++++ INFORMATION PROVIDED

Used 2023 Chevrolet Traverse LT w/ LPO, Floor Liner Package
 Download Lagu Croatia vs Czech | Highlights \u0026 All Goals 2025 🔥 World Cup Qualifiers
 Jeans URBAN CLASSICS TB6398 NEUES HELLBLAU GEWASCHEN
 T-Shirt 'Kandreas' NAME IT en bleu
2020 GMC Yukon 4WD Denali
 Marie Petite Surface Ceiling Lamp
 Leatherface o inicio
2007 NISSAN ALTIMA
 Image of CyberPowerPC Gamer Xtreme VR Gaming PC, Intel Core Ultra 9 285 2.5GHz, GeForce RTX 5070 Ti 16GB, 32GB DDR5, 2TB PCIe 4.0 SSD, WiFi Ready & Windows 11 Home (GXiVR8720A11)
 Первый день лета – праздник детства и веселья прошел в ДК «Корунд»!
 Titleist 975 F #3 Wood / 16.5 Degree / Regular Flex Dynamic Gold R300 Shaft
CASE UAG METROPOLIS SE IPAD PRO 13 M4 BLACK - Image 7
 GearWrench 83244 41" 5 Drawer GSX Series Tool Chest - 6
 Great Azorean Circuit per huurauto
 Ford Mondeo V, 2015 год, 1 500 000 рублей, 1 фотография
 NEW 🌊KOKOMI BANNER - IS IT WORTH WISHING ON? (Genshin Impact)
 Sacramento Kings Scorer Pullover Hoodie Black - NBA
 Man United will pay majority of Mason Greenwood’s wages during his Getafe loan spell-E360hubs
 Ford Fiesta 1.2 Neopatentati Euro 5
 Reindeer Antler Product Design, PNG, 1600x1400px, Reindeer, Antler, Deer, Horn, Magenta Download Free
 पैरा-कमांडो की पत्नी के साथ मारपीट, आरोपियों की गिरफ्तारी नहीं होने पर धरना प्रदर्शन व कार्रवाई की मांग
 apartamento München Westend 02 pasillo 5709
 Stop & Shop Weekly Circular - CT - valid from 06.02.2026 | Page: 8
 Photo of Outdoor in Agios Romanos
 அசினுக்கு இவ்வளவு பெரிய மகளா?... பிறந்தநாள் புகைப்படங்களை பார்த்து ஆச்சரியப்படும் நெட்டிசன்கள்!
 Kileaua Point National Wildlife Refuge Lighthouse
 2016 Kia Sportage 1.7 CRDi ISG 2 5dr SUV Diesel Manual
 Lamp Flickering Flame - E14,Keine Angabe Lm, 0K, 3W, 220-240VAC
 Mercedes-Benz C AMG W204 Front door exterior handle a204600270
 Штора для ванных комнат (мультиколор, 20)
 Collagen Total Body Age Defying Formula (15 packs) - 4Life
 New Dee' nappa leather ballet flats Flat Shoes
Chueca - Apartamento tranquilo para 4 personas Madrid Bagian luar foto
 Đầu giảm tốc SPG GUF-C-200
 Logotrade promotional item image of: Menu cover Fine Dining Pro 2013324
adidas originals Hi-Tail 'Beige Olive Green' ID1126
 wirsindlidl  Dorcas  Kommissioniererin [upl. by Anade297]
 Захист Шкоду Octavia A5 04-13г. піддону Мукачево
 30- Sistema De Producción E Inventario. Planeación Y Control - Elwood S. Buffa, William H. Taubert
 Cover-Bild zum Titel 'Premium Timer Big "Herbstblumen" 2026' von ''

++++++++

**TASK:** Reproduce each line of the records in which the string "Ford" appears.

**TASK ANSWER:**
 Ford Mondeo V, 2015 год, 1 500 000 рублей, 1 фотография
 Ford Fiesta 1.2 Neopatentati Euro 5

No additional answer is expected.